Monday, June 28, 2004

Nadering nabobs

Look, every time I post something pointing out that not only is Ralph Nader a right-wing tool, he continues to confirm it beyond any serious deniability, his defenders come out of the woodwork and whine that I'm demonizing or somehow attacking the man personally ("Nader-bashing").

So let's be clear: I'm not saying that Nader is a bad man. All I'm saying is that any serious progressive should question his credentials as someone representing their vote.

Nader was never my man. His record on civil rights, labor and immigration policy was enough to convince me Al Gore was a better vote. I also was mature enough to understand that democracy is an imperfect thing, and voting forces us sometimes to make imperfect choices that in the end must be pragmatic. A progressive voter in 2004 should be asking (as they should have in 2000), "Do I want to be playing offense for the next four years, or defense?"

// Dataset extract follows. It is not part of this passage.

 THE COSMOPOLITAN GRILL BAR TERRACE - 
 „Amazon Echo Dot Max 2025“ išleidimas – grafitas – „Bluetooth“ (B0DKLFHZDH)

But I have many friends who were Nader voters in 2000, and I understand their choices. This year, as it happens, all of them are voting for Kerry. Which leaves me wondering about the diehards who continue to lend his candidacy any credence.

Obviously, the pragmatic need is both crystal-clear and great now not to vote for Nader. If the past four years haven't convinced progressive purists just how disastrous Republican rule can be, they haven't been paying attention.

But even clearer now is what I only suspected in 2000, which is that Nader is a right-wing tool. I'm not saying that to demonize the man, but simply as a strategic reality. He's a stalking horse for progressive votes whose most ardent silent supporters are Bushevik conservatives, and his continuing flirtations with rightist elements underscores this fact in a poignant way -- because they call into serious question Nader's progressive credentials.

A recent report by Max Blumenthal for American Prospect lays it out:
Nader's Dubious Raiders: Ralph's Arizona ballot tactics are worse than this week's Democratic lawsuit alleges. Some petitions piggybacked on a reactionary anti-immigrant initiative -- and others were paid for by a former executive director of the state GOP.

The story explains it in detail:
In its effort to get on the ballot in the key battleground state of Arizona, the Prospect has learned, the Nader campaign hired a petition company that is also gathering signatures for a draconian anti-immigrant initiative pushed by right-wing elements in the state. The initiative, called Protect Arizona Now (PAN), would restrict access to public services by undocumented immigrants.

In addition, according to several sources, the Nader campaign was assisted in its petition drive by an unlikely figure: the ultra-conservative former executive director of the Arizona Republican Party, Nathan Sproul. Sources say Sproul -- who is also spearheading an initiative to block public funding from political campaigns in the state -- made payments to the petition contractors working on his public-funding initiative to gather signatures for Nader as well.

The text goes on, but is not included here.